Com duas das quatro figuras sociais da Vila de Abrantes dou por fim a publicação de alguns textos que mostram a fotografia escrita de Abrantes do Século XIX, início Século XX. Ao autor do livro "LANÇANDO AO VENTO... no Concelho de Abrantes", período 1885/1905, Coronel Joaquim Maria Valente, como abrantino, presto homenagem:

QUATRO FIGURAS SOCIAIS
Em todas as localidades houve sempre indivíduos, que pelo seu modo especial de ser e por actos mais ou menos excêntricos sob algum ponto de vista, se tornaram alvo da curiosidade das outras pessoas, e cuja lembrança per­dura na memória de quem os conheceu, lembrança que pouco a pouco se irá esbatendo à medida que os contem­porâneos e alguns imediatos sucessores foram desapare­cendo.

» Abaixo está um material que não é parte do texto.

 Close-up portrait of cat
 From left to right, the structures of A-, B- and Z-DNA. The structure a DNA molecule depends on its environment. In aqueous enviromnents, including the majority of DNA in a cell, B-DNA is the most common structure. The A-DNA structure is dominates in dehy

Abrantes, durante o período a que se referem estes apontamentos, não se subtraiu a tal imposição do destino, e assim na nossa memória perduram quatro indivíduos cujas figuras sociais, como históricas que são, procuramos esboçar focando as características principais, que os tor­naram alvo da curiosidade dos contemporâneos.
Eram os senhores:
Barão de Bertelinho
Padre António
José Péres
Comendador Pataròxa
O SENHOR BARÃO DE BERTELINHO
A notável Vila de Abrantes não fugiu à regra de, como a maior parte das terras pequenas, ter pessoas que pelo seu invulgar modo de ser se tornavam um tanto notáveis, dando origem, às vezes, a episódios um tanto picarescos ou pelo menos originais.
Sob tal ponto de vista lembramo-nos das quatro pes­soas anteriormente mencionadas.
O senhor Barão de Bertelinho, com jazigo individual no cemitério, fora juiz na comarca, e, na época em que o conhecemos, estava já aposentado. Vivia na sua moradia, casa grande existente perto do portão dos Quinchosos e que têm fachadas dando para a Rua Grande e para a Rua de S. Pedro.
Era servido por um criado de nome José, o José do Barão, e respectiva mulher.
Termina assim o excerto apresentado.